L’Assemblée nationale soigne ses fonctionnaires

par Henry Moreigne
jeudi 7 février 2013

A l'occasion de l'interminable débat sur le mariage pour tous, l'opposition met en avant le coût des séances de nuit évalué à environ 50 000 €. La faute à un système de primes dont bénéficient les fonctionnaires qui leur permet de doubler, voire tripler leur traitement de base.
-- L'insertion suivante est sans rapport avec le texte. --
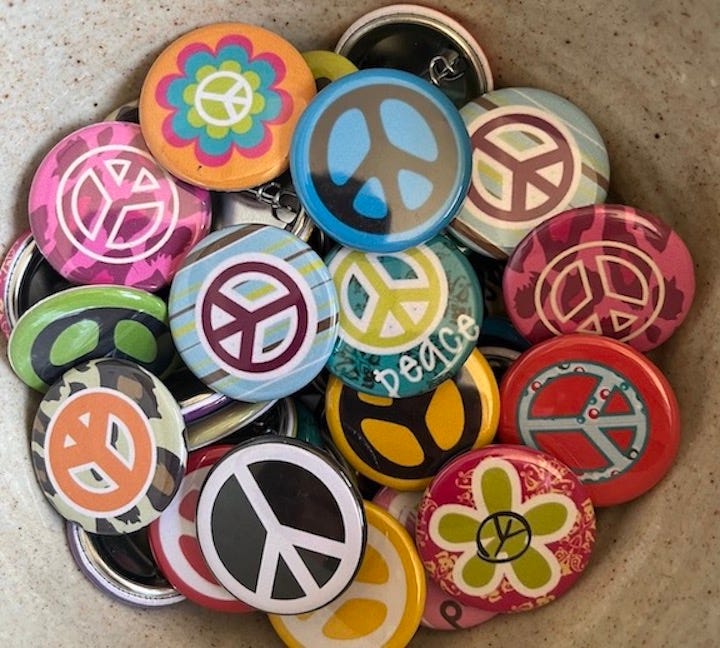 60s Peace Sign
A elles seules les séances de nuit permettraient des variations de salaire de 30% d'un mois sur l'autre bénéficiant même aux fonctionnaires qui ne sont pas présents.
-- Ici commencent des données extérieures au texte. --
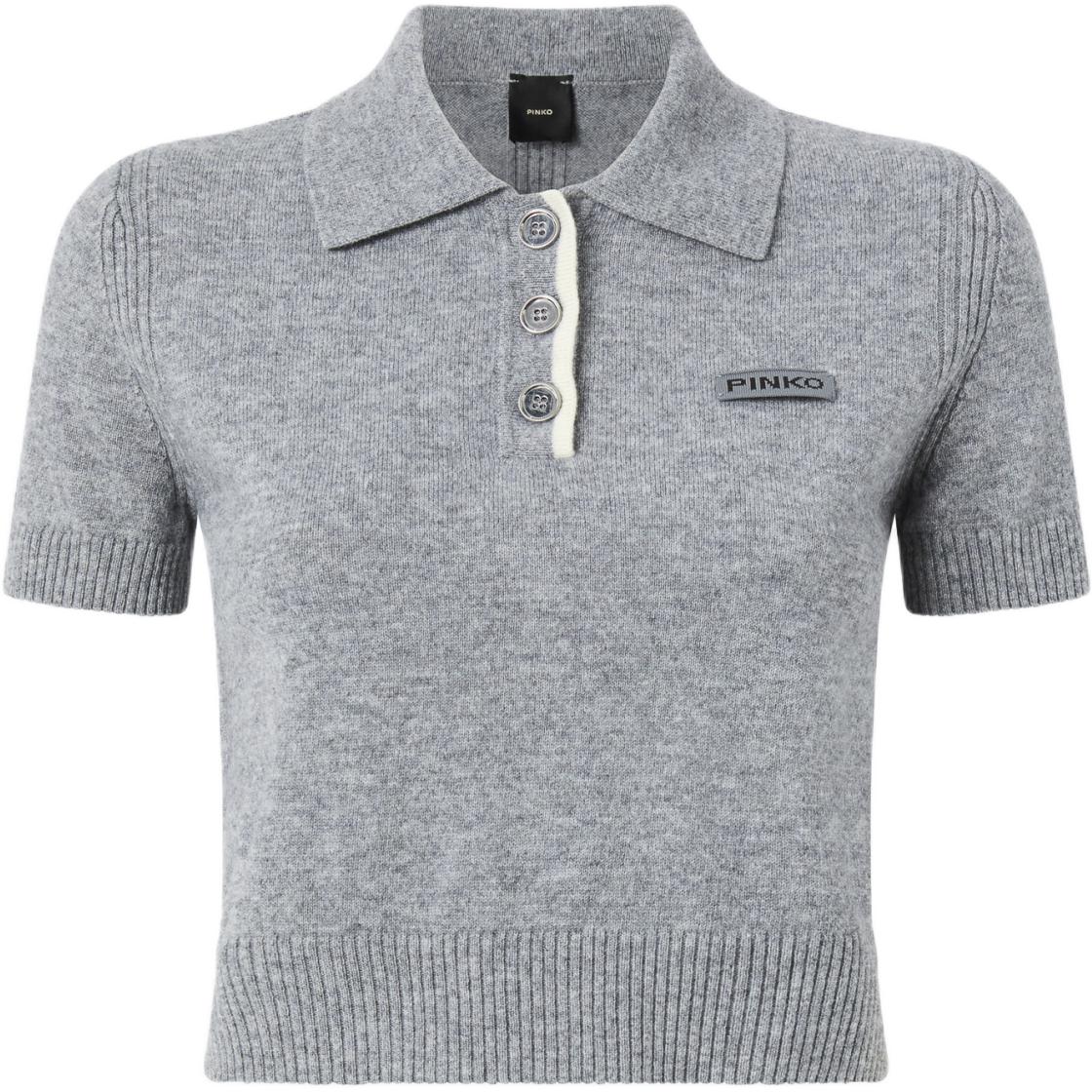 Короткий рукав вязаная поло PINKO, серый
Короткий рукав вязаная поло PINKO, серый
Oubliant un peu vite qu'elle partage la responsabilité du système en place, l'opposition remet sur le devant de la scène médiatique le problème des rémunérations excessives des fonctionnaires des deux chambres et notamment de l'Assemblée nationale. 1250 agents pour cette dernière avec une rémunération moyenne toutes catégories de personnels confondues de plus de 7.700€ brut par mois et par agent.
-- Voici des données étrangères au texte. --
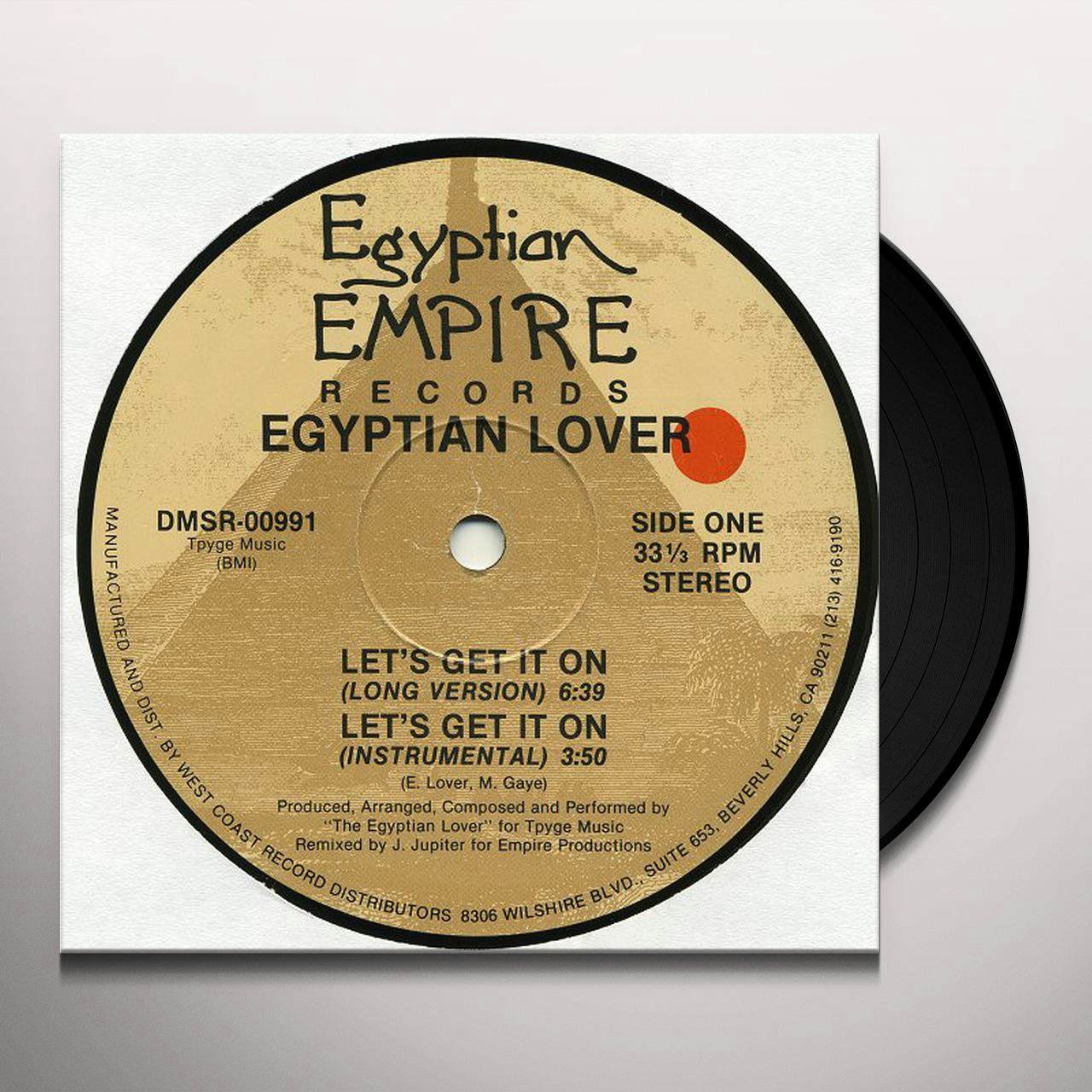 LET'S GET IT ON Vinyl Record - Egyptian Lover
"C’est près de 77 % de plus que pour un fonctionnaire du Bundestag allemand et près deux fois plus que son homologue britannique" souligne un rapport de l'IFRAP, une fondation indépendante spécialisée dans l'analyse de la performance de l'Etat, des administrations et des politiques publiques.

Le rapport, réalisé dans des conditions difficiles du fait de l'opacité organisée autour du système, est accablant tant pour les fonctionnaires qui en bénéficient que pour les parlementaires, au premier rang desquels les questeurs et membres du Bureau de l'Assemblée.

Agnès Verdier-Molinier, l'un des auteurs du rapport, dénonçait ainsi en juin 2012 sur le site Le Lab, une baisse hypocrite de 30 % des indemnités des ministres qui cache le maintien de situations privilégiées pour un petit nombre de fonctionnaires. En haut de la pyramide, les administrateurs perçoivent de 15 à 18 000 € par mois soit beaucoup plus que les parlementaires, les ministres et le Président de la République lui-même.

Outre une absence de contrôle, le rapport de l'IFRAP pointe le fait que l'Assemblée nationale dispose d'un budget supérieur de 110 millions à ses homologues britannique et allemand et que les charges de personnels jouent un rôle important dans cet écart. A noter également, que sur la période 1960-2010, les personnels se sont accrus de 115,5 % (38 % entre 1980 et 2010), dont 87,4 % pour les administrateurs (les mieux payés) et 123 % pour les administrateurs adjoints. Depuis 2011 cependant, on enregistre un effort léger de baisse des effectifs (- 6 %).

Dans le même temps, l'IFRAP relève que les fonctionnaires de l’Assemblée nationale ont reçu par arrêté des questeurs (de juillet 1999) une attribution de points d’indices majorés supplémentaires, et bénéficié d'une réforme sur mesure de la carrière des agents avec création de nouveaux grades. Un tour de passe-passe qui se traduit au final par des rémunérations supérieures de 75 % à 150 % à leurs homologues de la fonction publique d’État

Une anomalie permise par une ordonnance de 1958 qui précise que les agents des services de l’Assemblée nationale « sont des fonctionnaires de l’État », tout en étant en pratique exclus expressément de l’application de la loi portant statut de la fonction publique.

Le vrai problème reste néanmoins les primes (indemnités de travaux supplémentaires et législatifs). Ainsi, pour les années à forte activité législative, les indemnités de travaux supplémentaires peuvent, comme en 2009, excéder les rémunérations et traitements de base. Le mariage pour tous devrait dans tous les cas faire des heureux à l'Assemblée nationale.